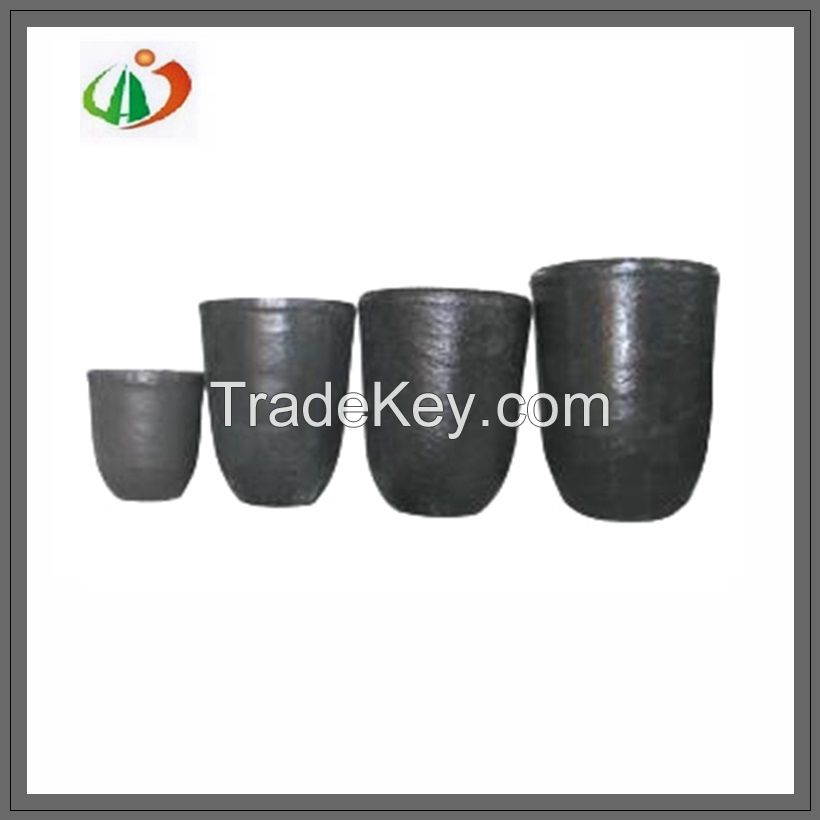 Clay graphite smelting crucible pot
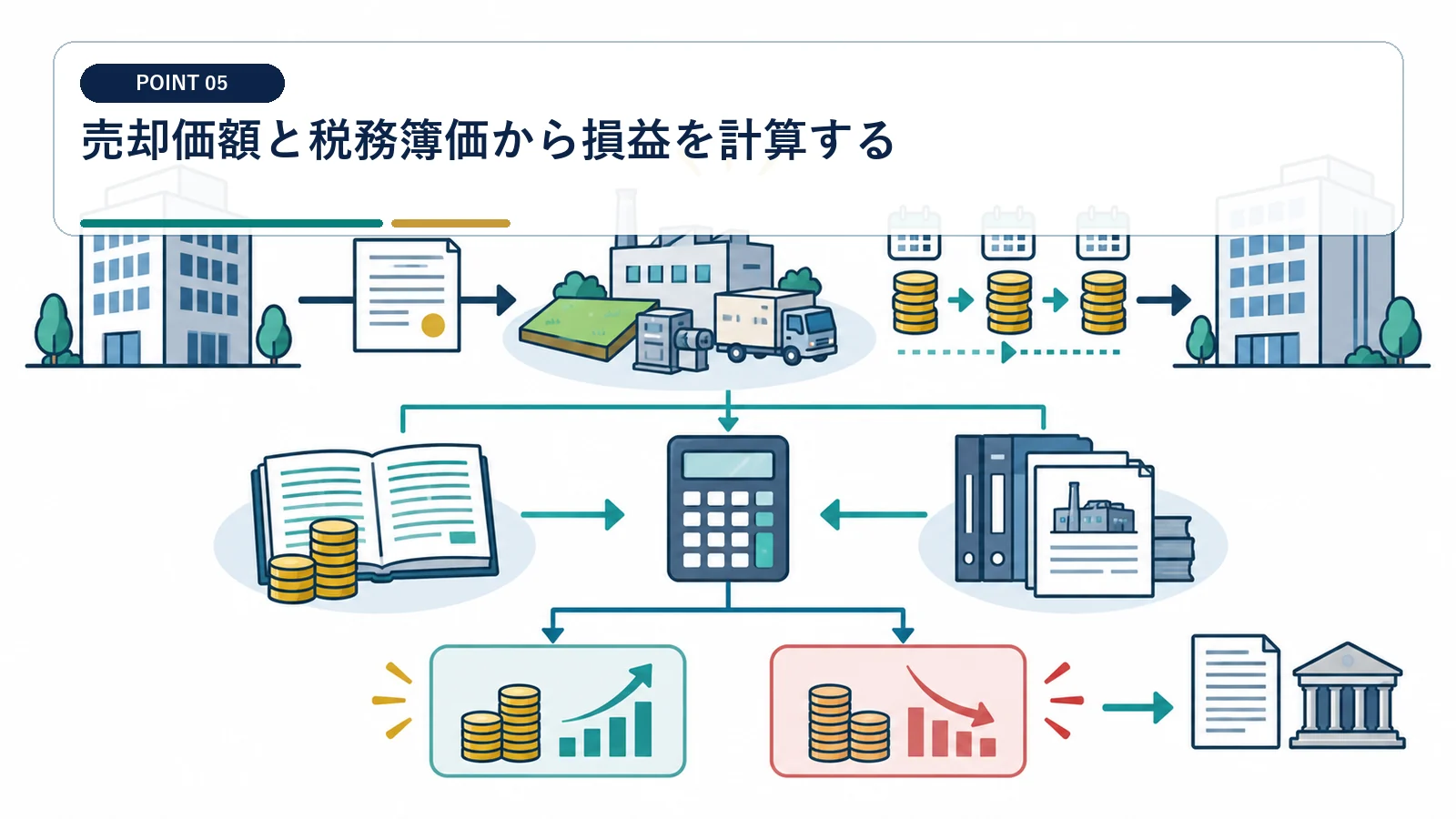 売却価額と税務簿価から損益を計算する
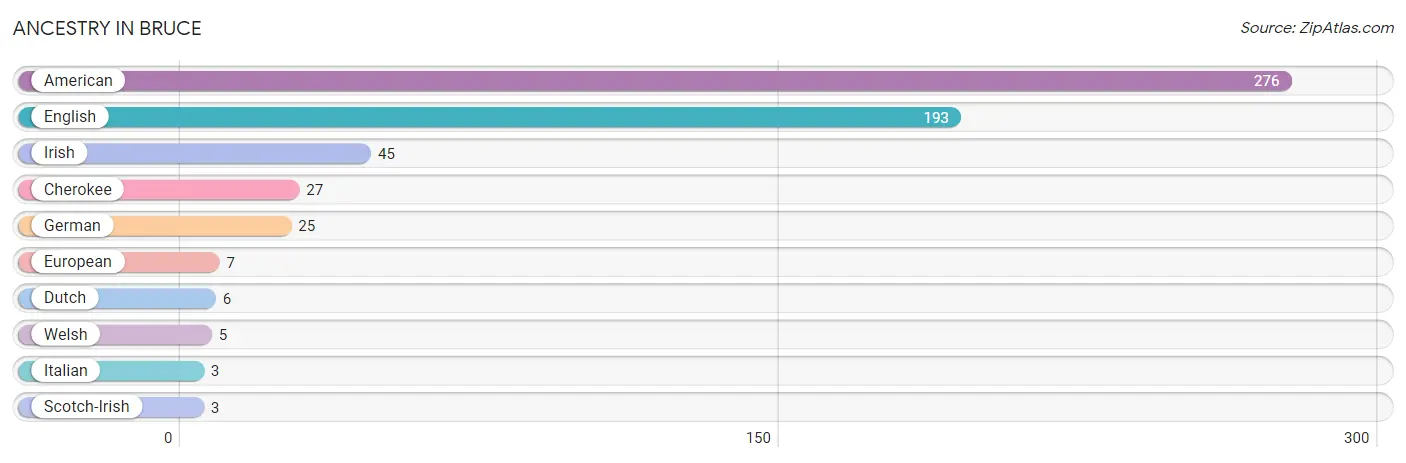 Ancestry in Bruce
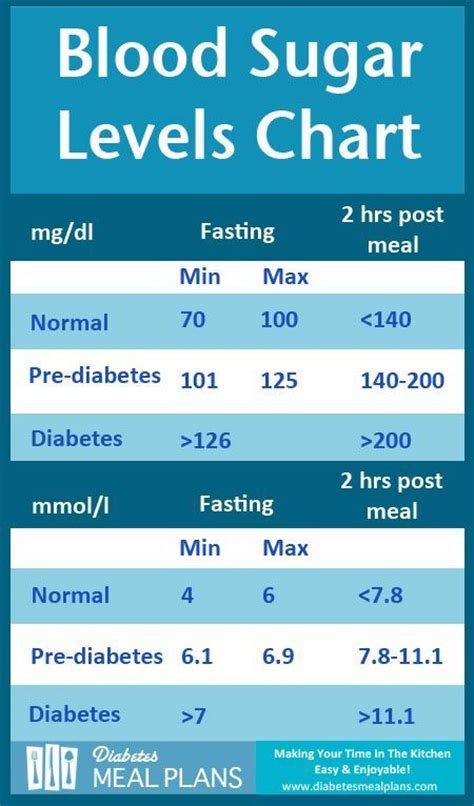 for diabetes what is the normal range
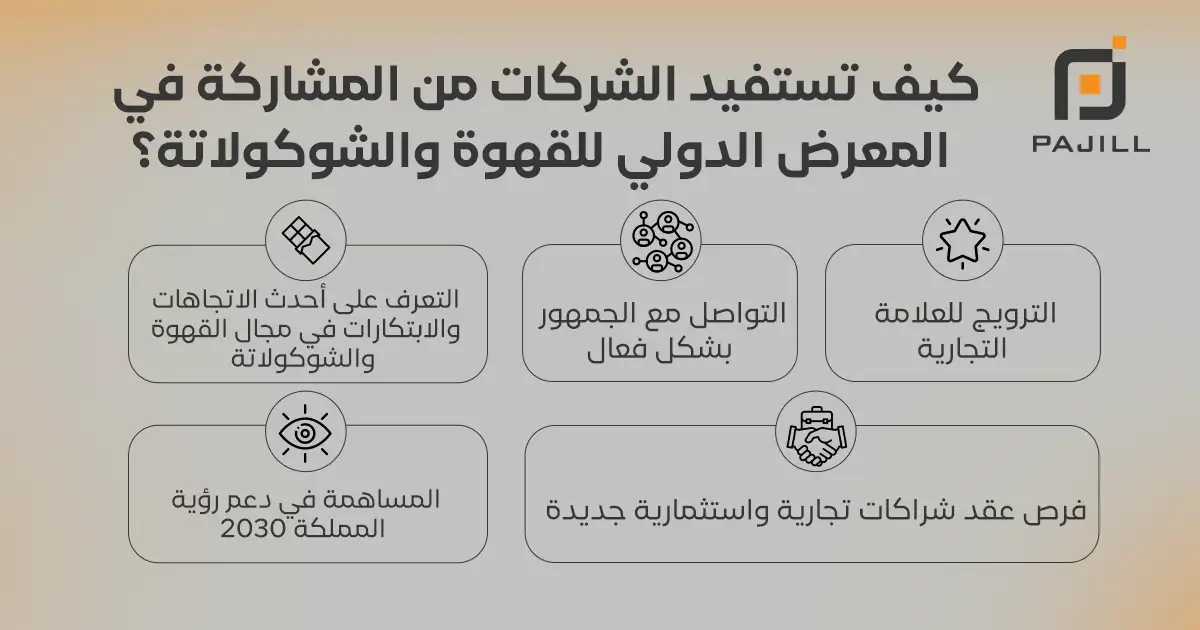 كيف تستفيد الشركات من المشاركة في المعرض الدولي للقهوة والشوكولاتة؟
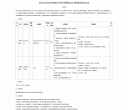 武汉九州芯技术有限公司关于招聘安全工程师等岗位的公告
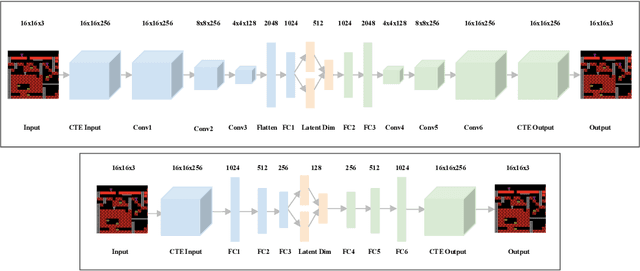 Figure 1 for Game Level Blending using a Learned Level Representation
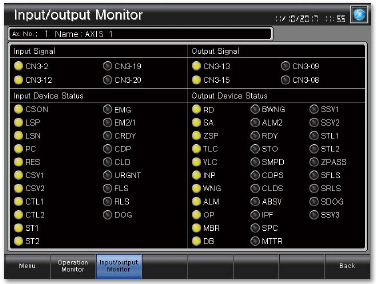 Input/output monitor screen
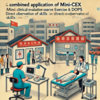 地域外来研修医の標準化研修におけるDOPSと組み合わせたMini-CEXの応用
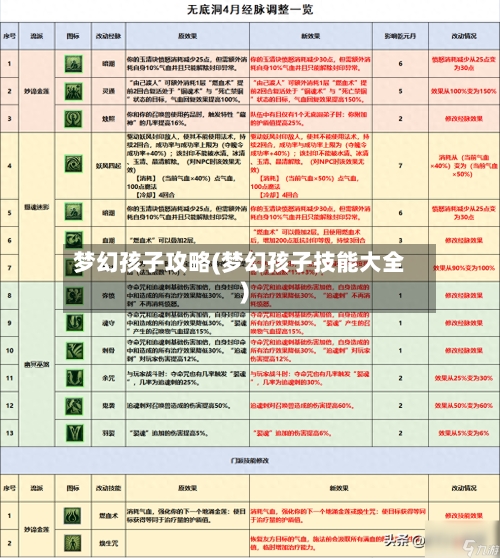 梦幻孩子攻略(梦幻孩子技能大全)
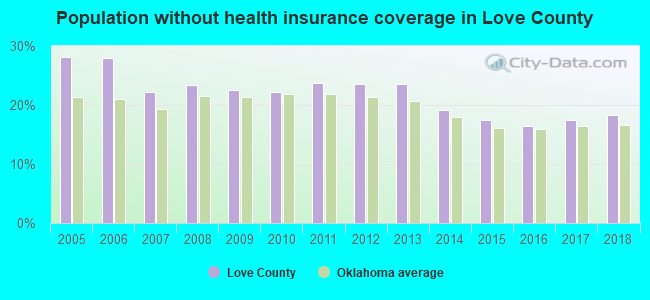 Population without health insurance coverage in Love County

--------

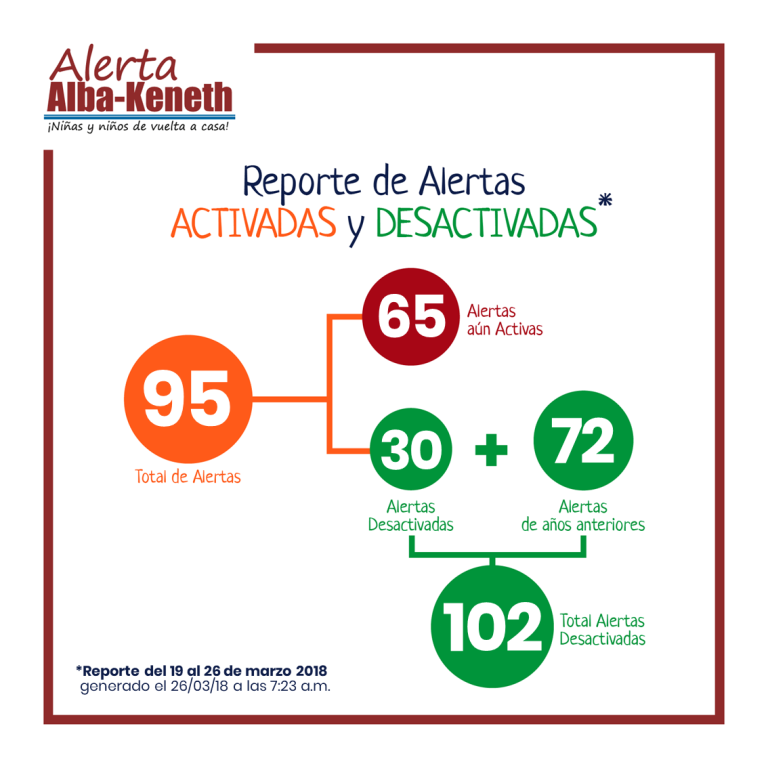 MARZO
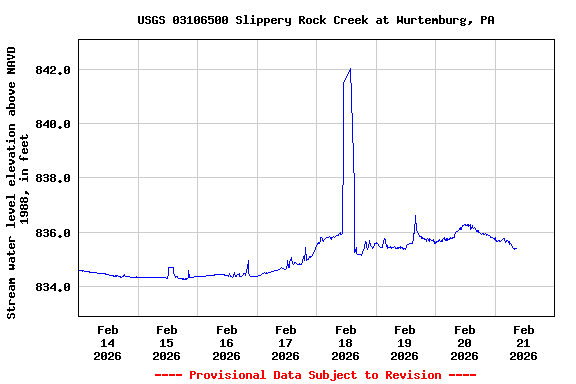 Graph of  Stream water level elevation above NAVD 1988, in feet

--------

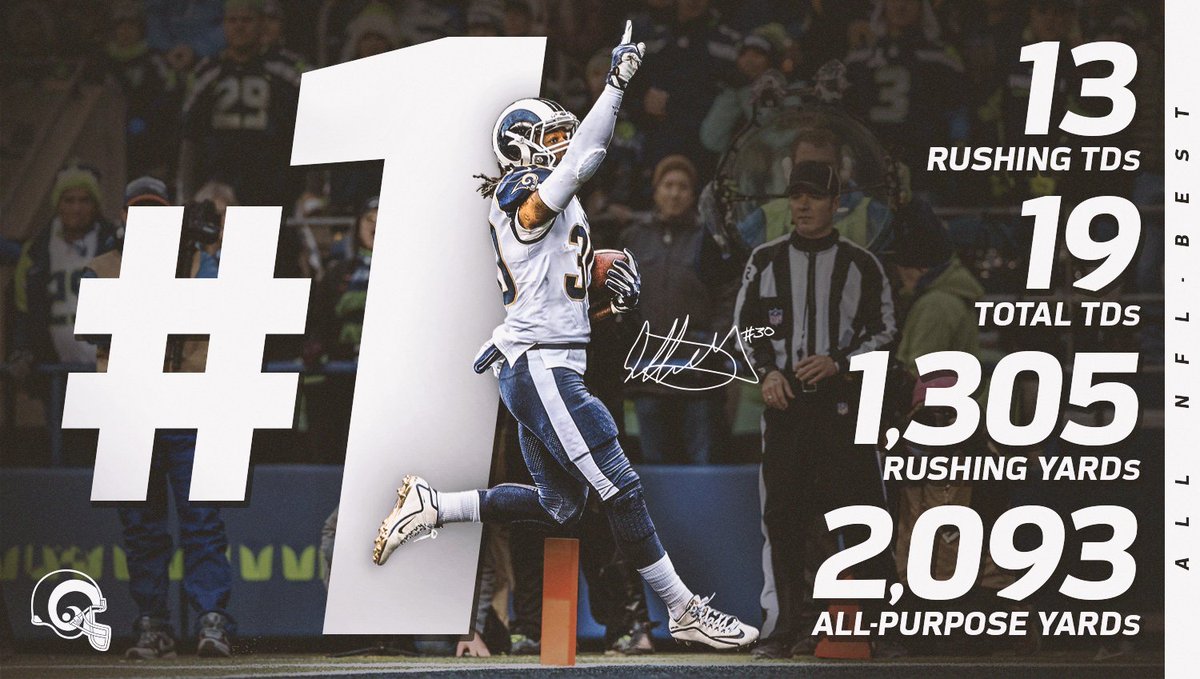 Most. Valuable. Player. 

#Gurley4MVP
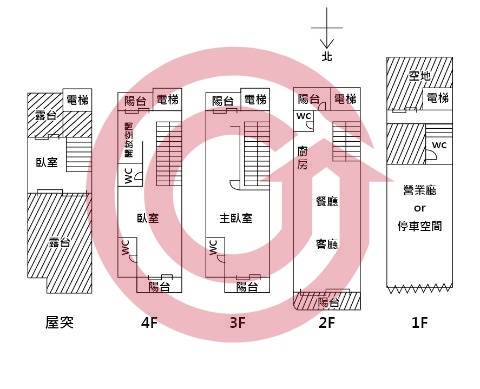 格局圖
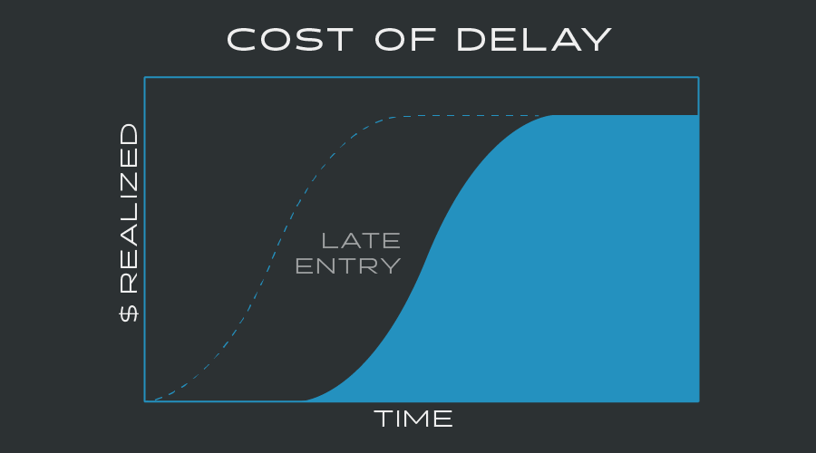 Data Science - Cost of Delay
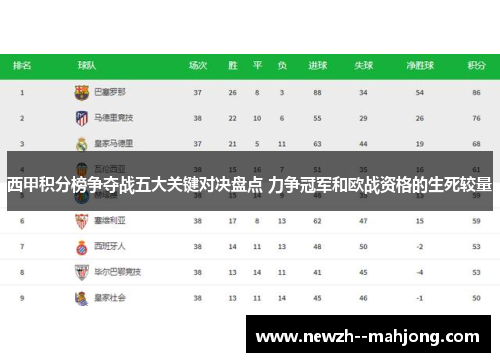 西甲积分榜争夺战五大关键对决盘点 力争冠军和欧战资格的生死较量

--------

— Work required —
Output exactly, and only, the lines of the entries above from the one with "Figure 1 for" up to and including the one with "Population without health"; pictures are to be left out.

— Result —
 Figure 1 for Game Level Blending using a Learned Level Representation
 Input/output monitor screen
 地域外来研修医の標準化研修におけるDOPSと組み合わせたMini-CEXの応用
 梦幻孩子攻略(梦幻孩子技能大全)
 Population without health insurance coverage in Love County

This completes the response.